GO TO THE SERMON FOR

With God, All

Job 23:1-9, 16-17; Mark 10:17-27, 31

October 11

Last week’s lectionary brought us challenging texts from both testaments.  Today’s lectionary continues to bring us challenging texts.  And we may wonder, what is God’s message to us that is relevant for our lives on this day, from these challenging Scriptures.

Here we encounter Job once more, a man pleading his innocence in the face of unspeakable suffering.  He cries out that he cannot find God in his suffering; and yet he knows that if he could just find God, God would heed his cries.  And we may wonder, what is God’s message to us in the face of the unspeakable pain of an innocent who suffers and who cries out to God for answers?

Here we encounter not the religious authorities who try to derail Jesus’ message; not the religious elite who test him and try to trip him up.  We encounter a sincere man who has everything he could ever want in this earthly life, and yet feels unsatisfied and restless.  He has a deep growling in the pit of his stomach for something more, something he knows deep down that only the good Jesus, the incarnate one of God, can give.  And we may wonder, what is God’s message to us in the face of earthly possession that is just not enough for ultimate peace?

Here we encounter the juxtaposition of unspeakable suffering of an innocent with Jesus’ message to this man to give of his earthly treasure to those who innocently suffer.  And we may wonder, what in God’s creation is the message to us as we experience innocent suffering around us each and every day, and run to God for answers to ultimate and eternal questions.
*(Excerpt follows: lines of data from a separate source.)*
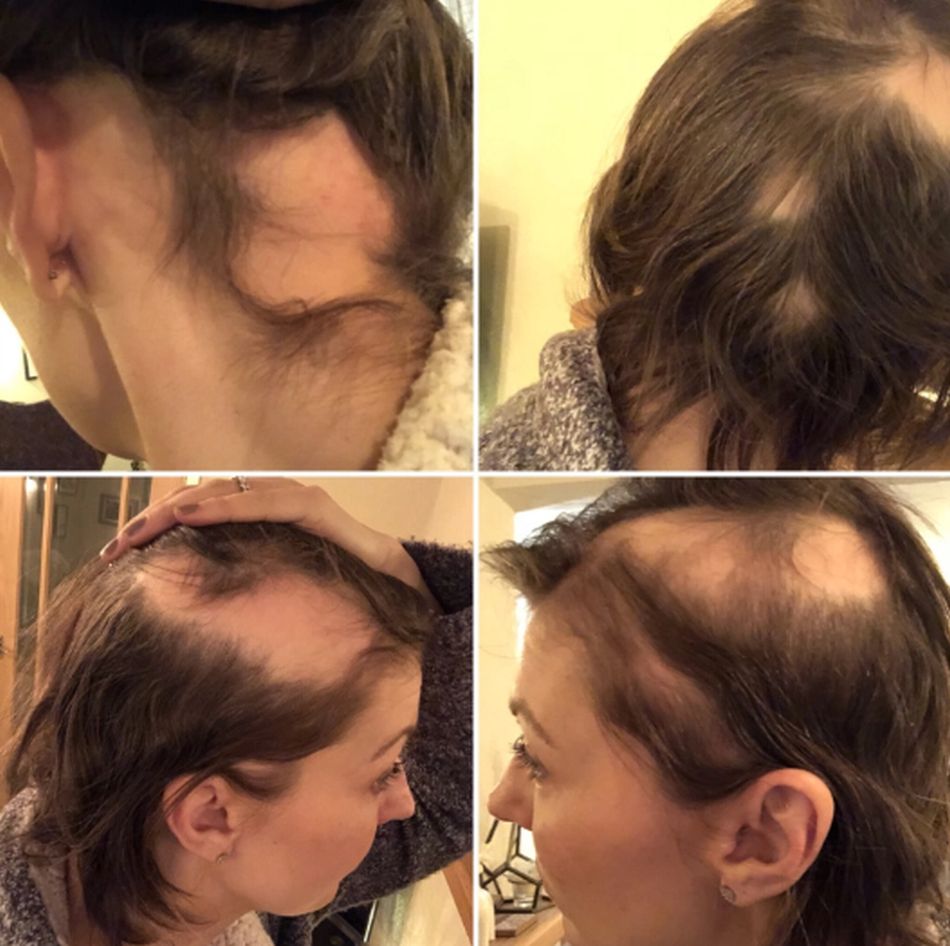 La mujer poco a poco empezó a perder cabello. (Foto: Blog Hair Loss Diaries)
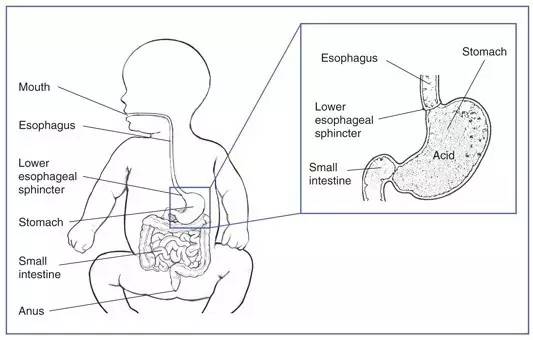 新生儿胃的解剖结构图图片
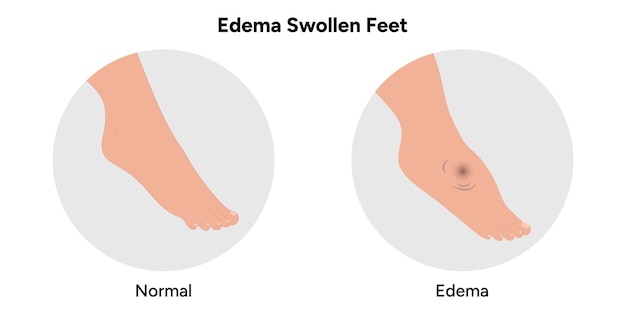 Edema swollen foot and normal foot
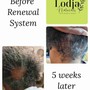 Scalp Treatment-DHT Blocker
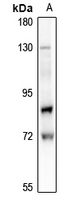 1 - Anti-Lamin A/C (Phospho-S22) Antibody AP61278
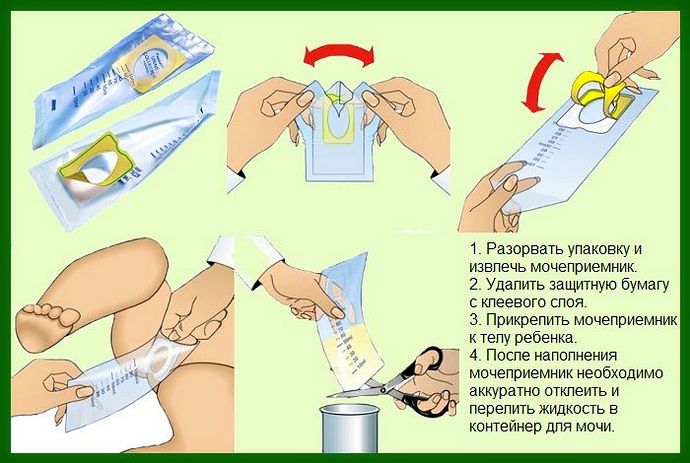 как собрать мочу у грудничка мальчика мочеприемником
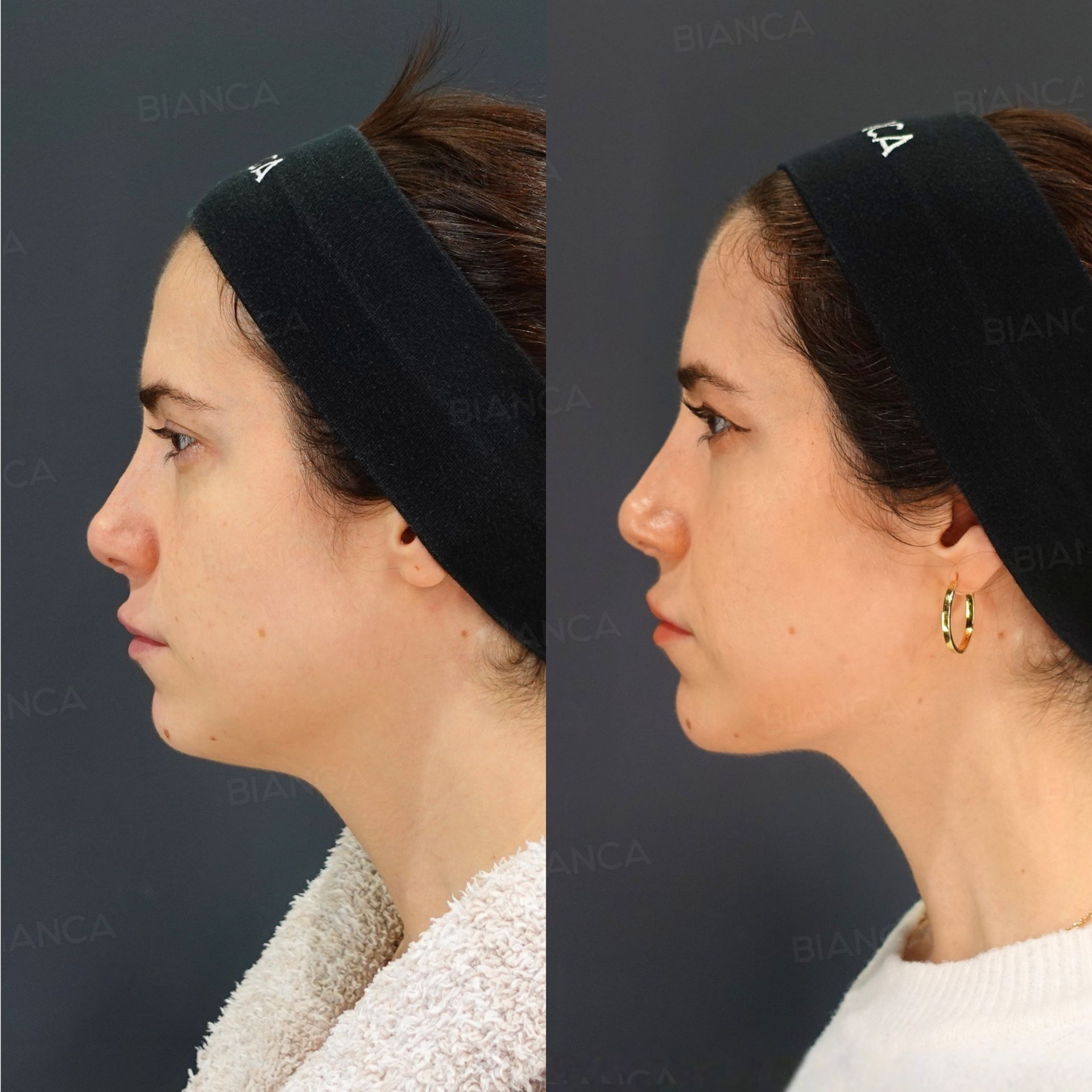 FaceTite (Submental), Liposuction (Submental), Morpheus8 (Submental)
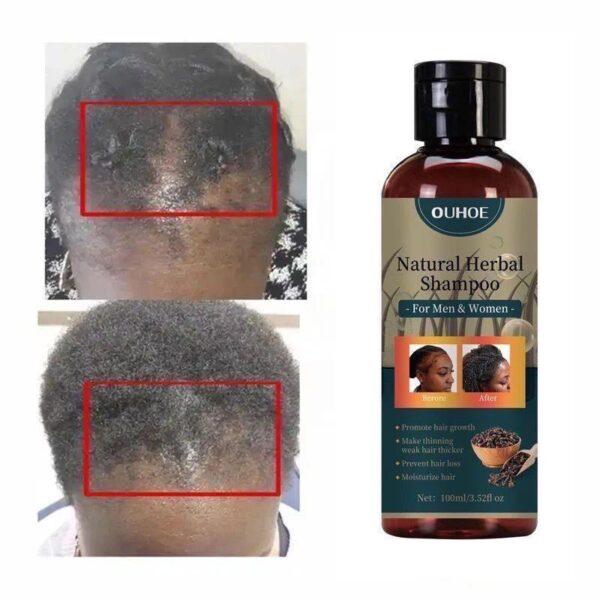 New2024 Chebe Hair Growth Shampoo Ancient African Hair Growth - Image 4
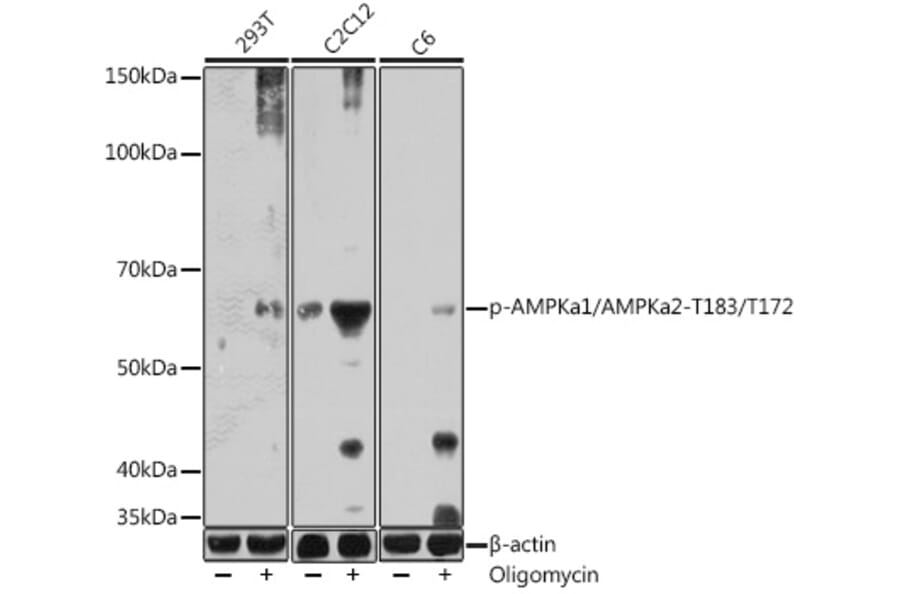 Western Blot - Anti-AMPK alpha 1 (phospho Thr183) + AMPK alpha 2 (phospho Thr172) Antibody (A306716) - Antibodies.com
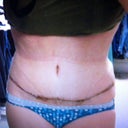 After-10 days post op front view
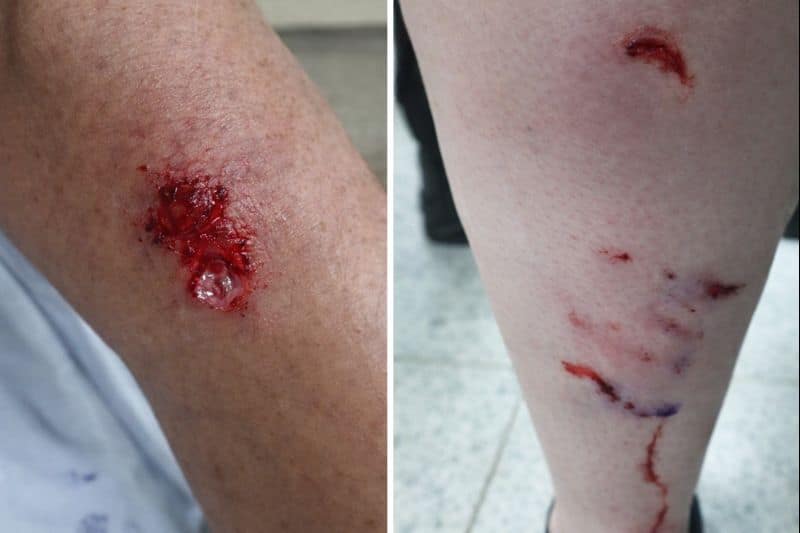 Ataque de pitbulls deixa dois jovens feridos em Cesário Lange e reacende alerta - Cidade em Cesário Lange
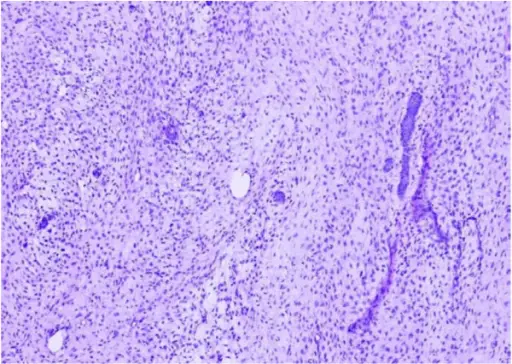 Ameloblastic Fibroma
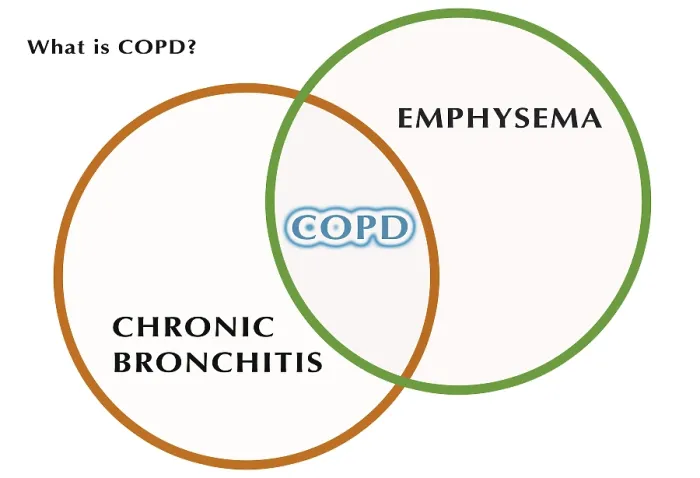 Framed Print : What is COPD? Framed Print : What is COPD?
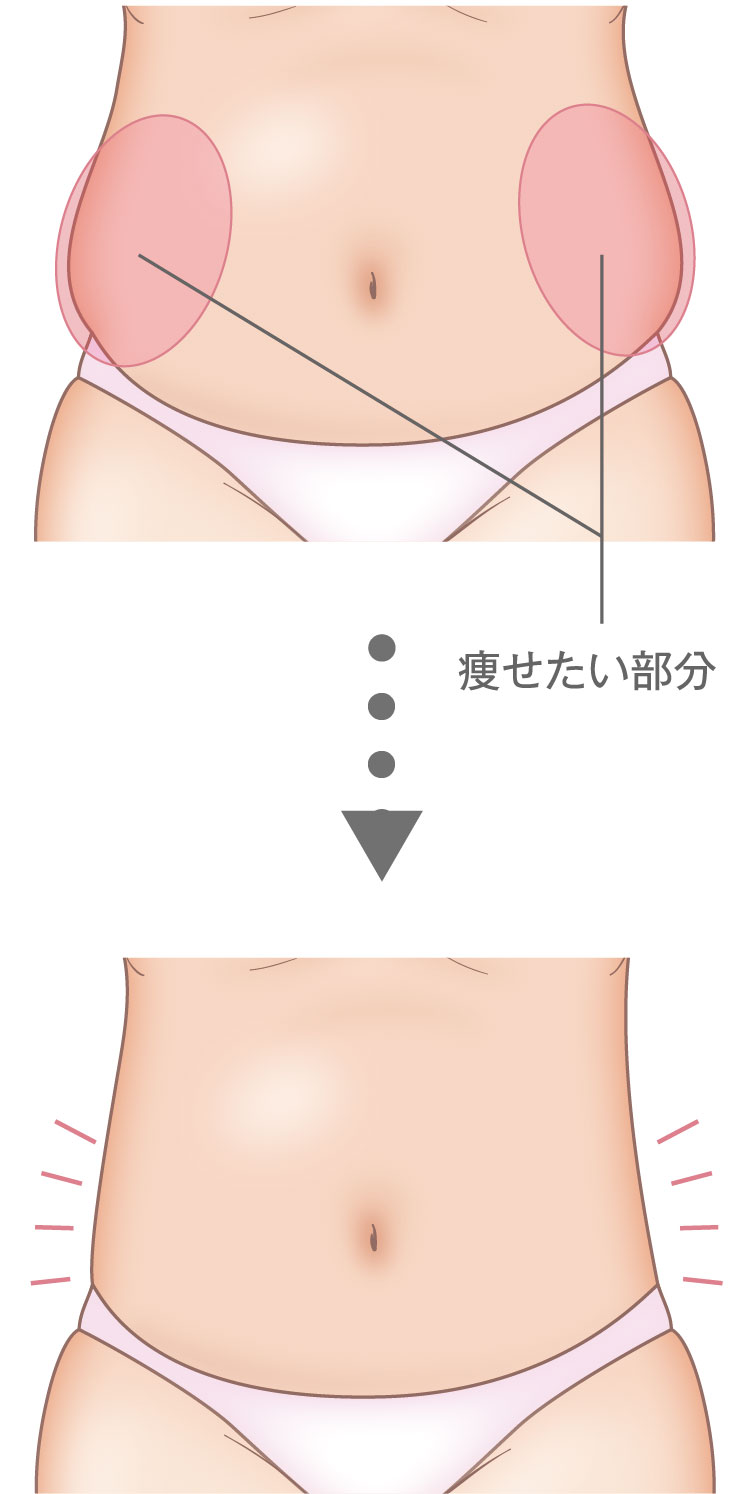 クールテック・ディファイン ： 脂肪吸引・痩身・部分痩せ：美容外科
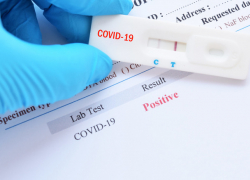 Граждане со страховыми полисами смогут пройти бесплатный тест на ковид перед госпитализацией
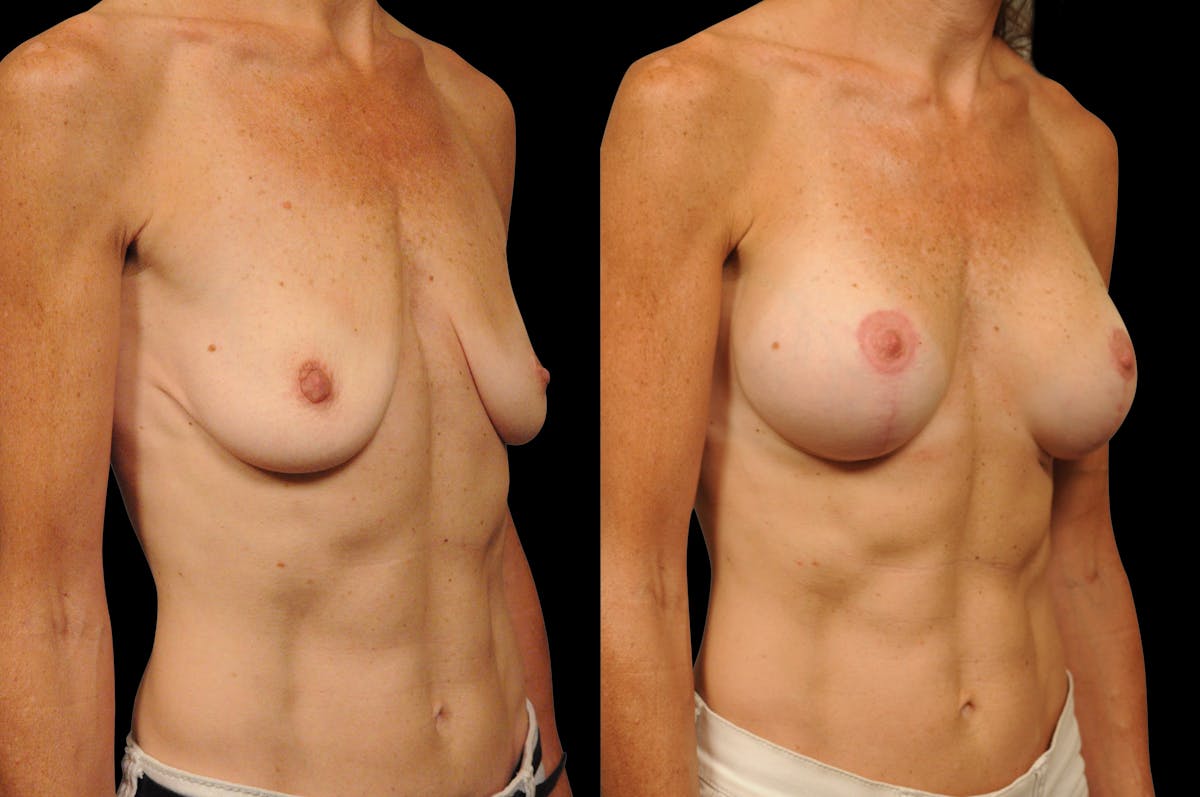 Breast Lift Before & After Gallery - Patient 251282 - Image 3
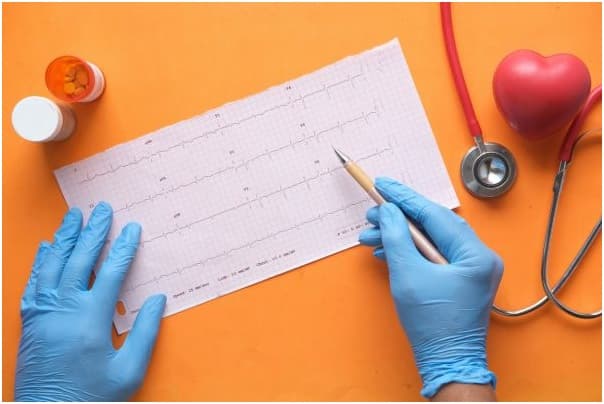 Representative Image of an electrocardiogram 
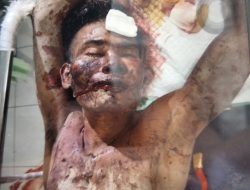 Warga Pendatang Diduga Gangguan Jiwa Mengamuk di Kuta, Diamuk Massa hingga Sekarat*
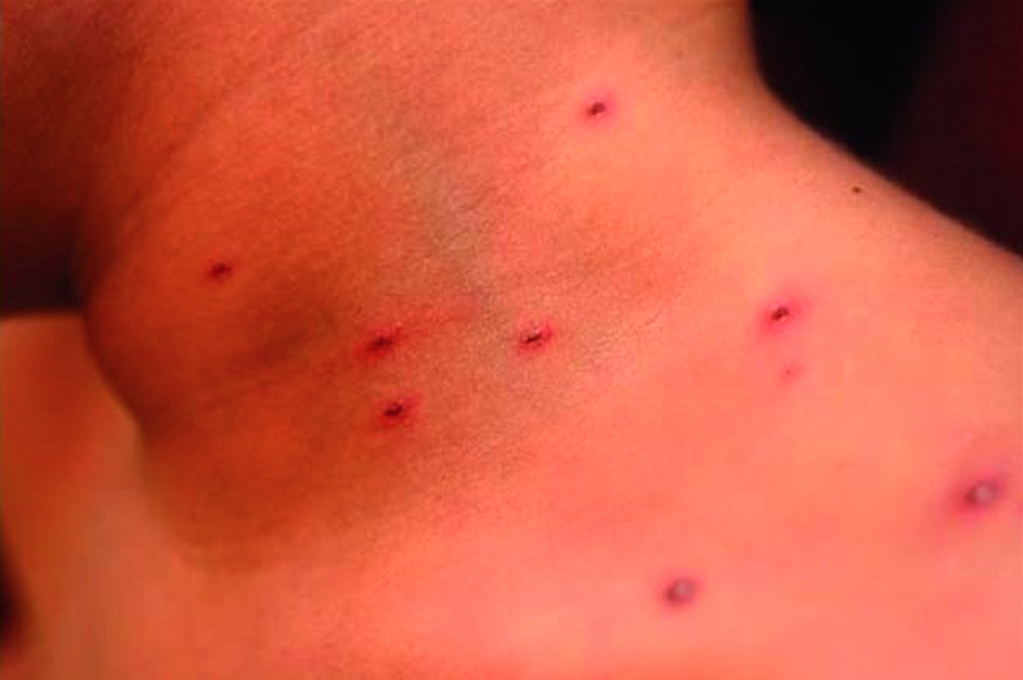 Activan alerta epidemiológica por brote de varicela en Yucatán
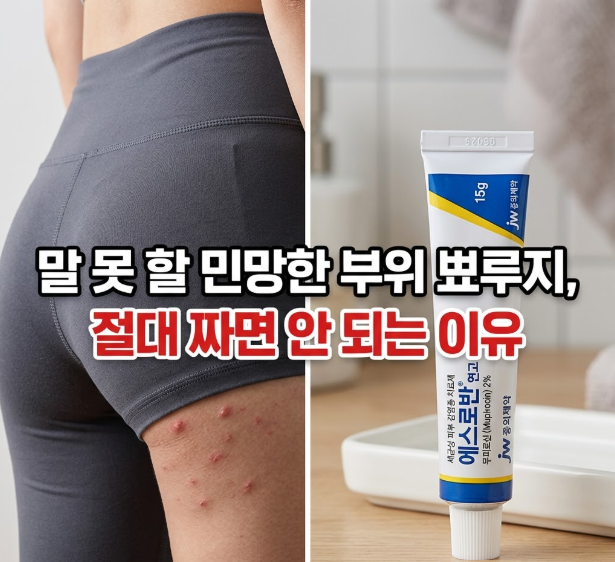 꽉 끼는 레깅스 입고 Y존에 난 뾰루지, 피지낭종일까? 집에서 짜면 절대 안 되는 이유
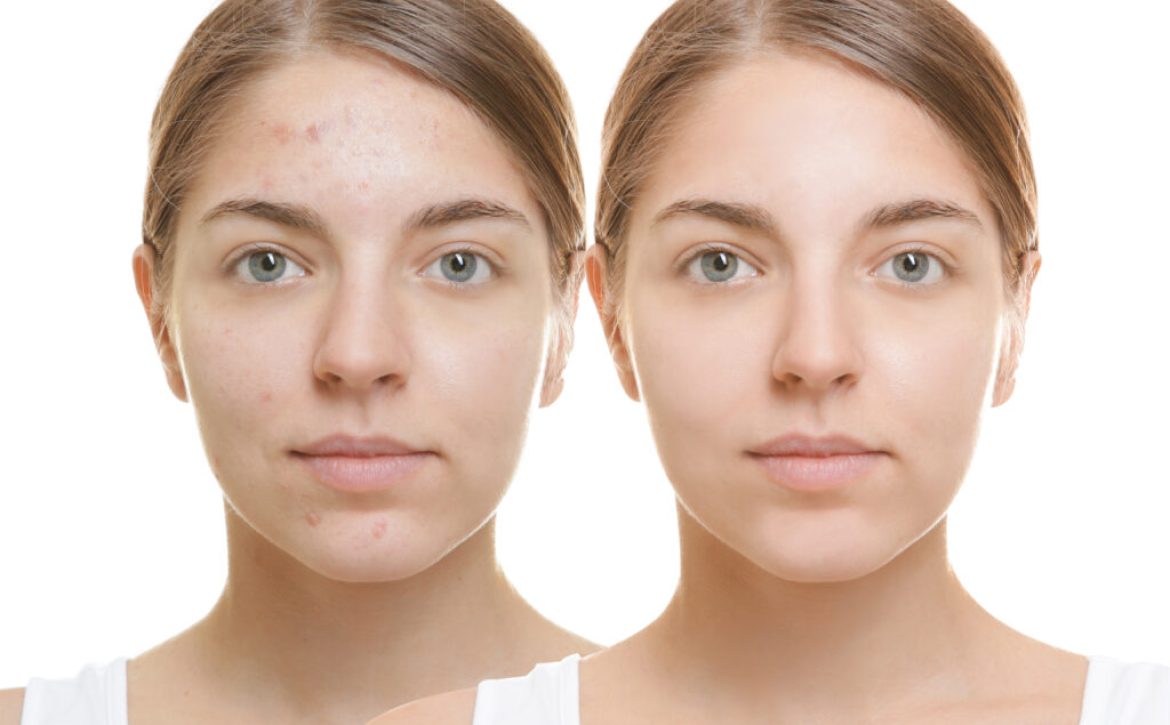 Beautiful young woman with problem skin on white background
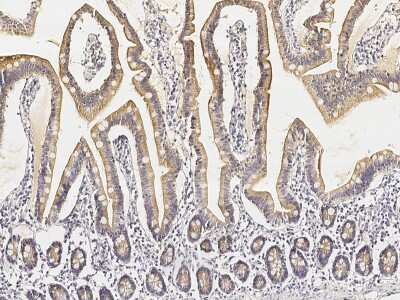 Immunohistochemistry-Paraffin: GNG13 Antibody [NBP3-00086]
Some of us may identify more readily with Job.  Certainly, if we open any newspaper or turn on any news station, there is story after story of suffering innocents.  Children who are abused, families torn apart by violent death, ground zero at Sumatra, Samoa, and Afghanistan.  Persons who are at the wrong place at the wrong time.  And we may plead with God as Job pleads with God—why do innocents suffer so?  And when we experience suffering in ourselves or with our loved ones:  our own version of ground zero:  mortal illness, chronic illness, depression, to name just a few, do we feel the ashes around us and wonder why?  Can we take it all in without wavering in our faith to God?

Some of us may identify more readily with this man in Mark’s Gospel.  He ran to Jesus; he didn’t just saunter up to him.  He had more than enough of earthly treasure to satisfy him:  a home, food, and extra for recreation.  And he knew it just wasn’t enough.  “What must I do to inherit eternal life?” was his cry to Jesus. 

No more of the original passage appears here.